租税は、口分田の広さに応じた地代である租、計帳に基づく人頭税の調・庸・雑徭を徴税
↓
2 人口増加による口分田不足→開墾奨励→百万町歩の開墾計画、三世一身法
↓
3 墾田永年私財法→開墾した土地の永年私有を保障→公地公民の原則が崩れる
↓
4 貴族・寺院による私有地拡大→初期荘園(有力農民の協力を得て耕作)
↓
【9世紀】
5 農民の貧富の拡大→偽籍の横行→班田収授の実施困難に
↓
6 公営田(大宰府管内)・官田(畿内)という有力農民を利用した直営方式の採用
↓
7 院宮王臣家(天皇と親密な関係にある皇族や貴族)が、私的に多くの土地を集積して、国家財政を圧迫
↓
【10世紀】
8 延喜の荘園整理令を出して、違法な土地所有を禁じ、班田を命じた
↓
しかし、効果なく
↓
9 戸籍・計帳に基づいて租・調・庸を徴税して財政を維持は不可能に
↓
そのため中央集権制度から、地方官である国司への大幅な権限委譲
↓
10 任国に赴任する国司の最上級者に、大きな権限と責任を負わせる
↓
11 受領は、課税対象の田地を名という徴税単位にわけ、田堵に耕作を請負わせた
↓
12 受領が土地を基礎に負名から地代を徴税する体制になった
教科書(『詳説日本史』(山川))には「租・調・庸や公出挙の利稲の系譜を引く税である官物と、雑徭に由来し本来力役である臨時雑役を課すようになった」と書かれている。

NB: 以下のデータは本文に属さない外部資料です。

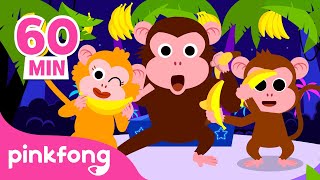 1 HORA⏰ de Mono Bananas🐵🍌  Bebé Mono  Monkey Banana  Canciones Infantiles  Pinkfong en español [upl. by Sharron]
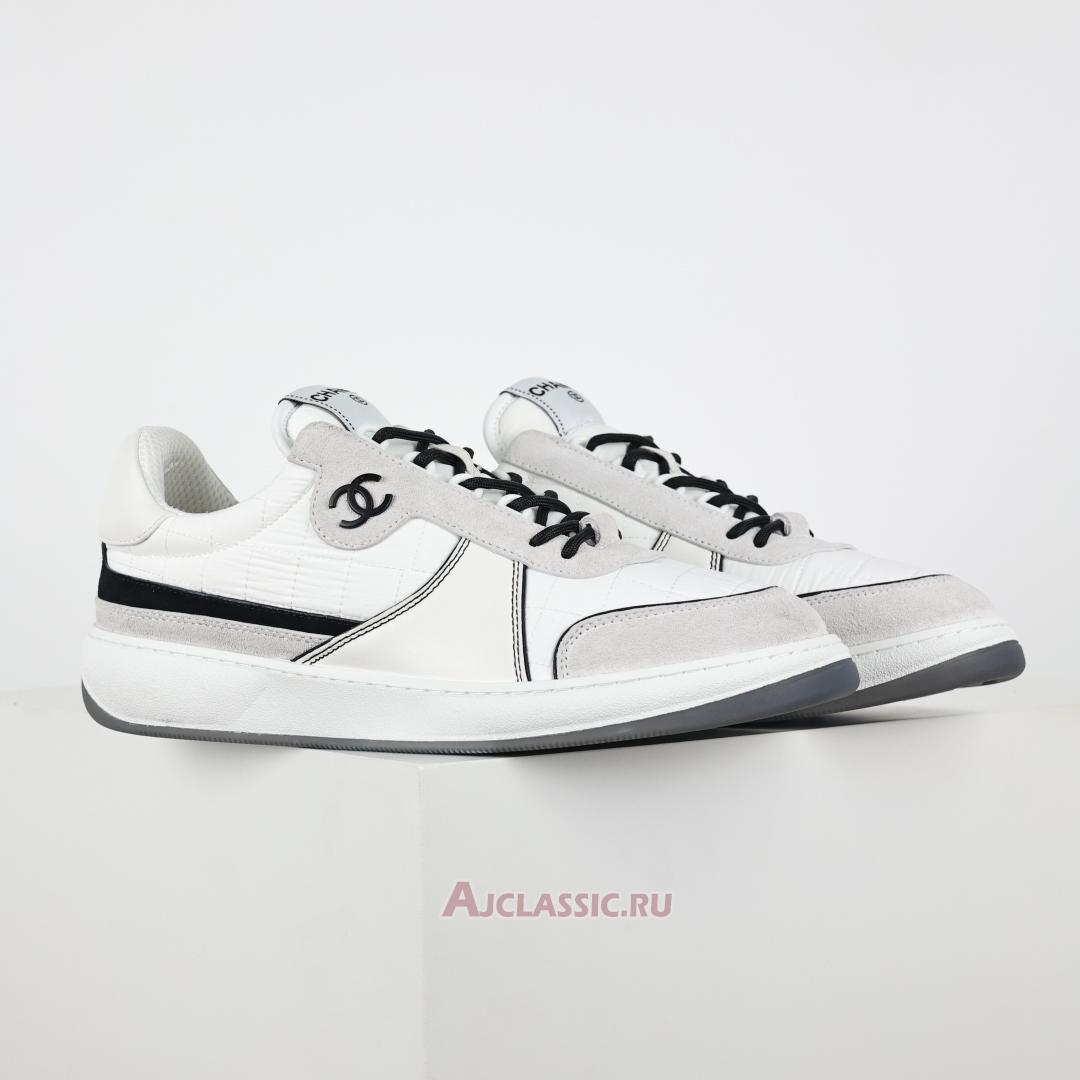 New Chanel CC Quilted Tennis Sneakers "White Black" G39804-Y56332-K5576 Shoes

この「租・調・庸や公出挙の利稲の系譜を引く税である官物」というが、実際に納めるのは稲や布などである。本来、租は地代としての稲であり、庸は人頭税としての布である。
しかし、戸籍・計帳で民衆を把握することができないから、土地の広さに応じて、「この広さの土地からは、○○の布を税として納める」と基準を定めて、庸布に相当する布を徴収した。「尾張国郡司百姓等解」は、「この基準を大幅に超えて藤原元命は税を取り立てた」と訴えているのである。
<野澤の解答例>
律令国家は民衆を戸籍に登録し、戸単位で口分田を班給して租税を徴収した。人口増加による口分田不足を補い、税の増収をはかるため三世一身法を発し、次いで墾田永年私財法を出して、開墾した田地の永年私有を保障した。この政策は貴族や寺院などによる私有地拡大を進め、初期荘園がつくられた。農民間の貧富の差が拡大すると偽籍が増え、班田収授の実施は困難になった。政府は、有力農民を利用した公営田や官田という直営方式を採用して財源の確保に努めたが、皇族や貴族は私的に多くの土地を集積し、国家財政を圧迫した。そのため延喜の荘園整理令を出して、違法な土地所有を禁じたり、班田を命じたりしたが、戸籍・計帳をもとに国家財源を維持するのは不可能となっていた。そこで受領に強い権限と責任を負わせ、課税対象となる田地を名という徴税単位に分けて、田堵に耕作を請け負わせた。これにより土地を基礎に受領が負名から地代を徴税する体制ができた。(筑波大学2020年度 400字)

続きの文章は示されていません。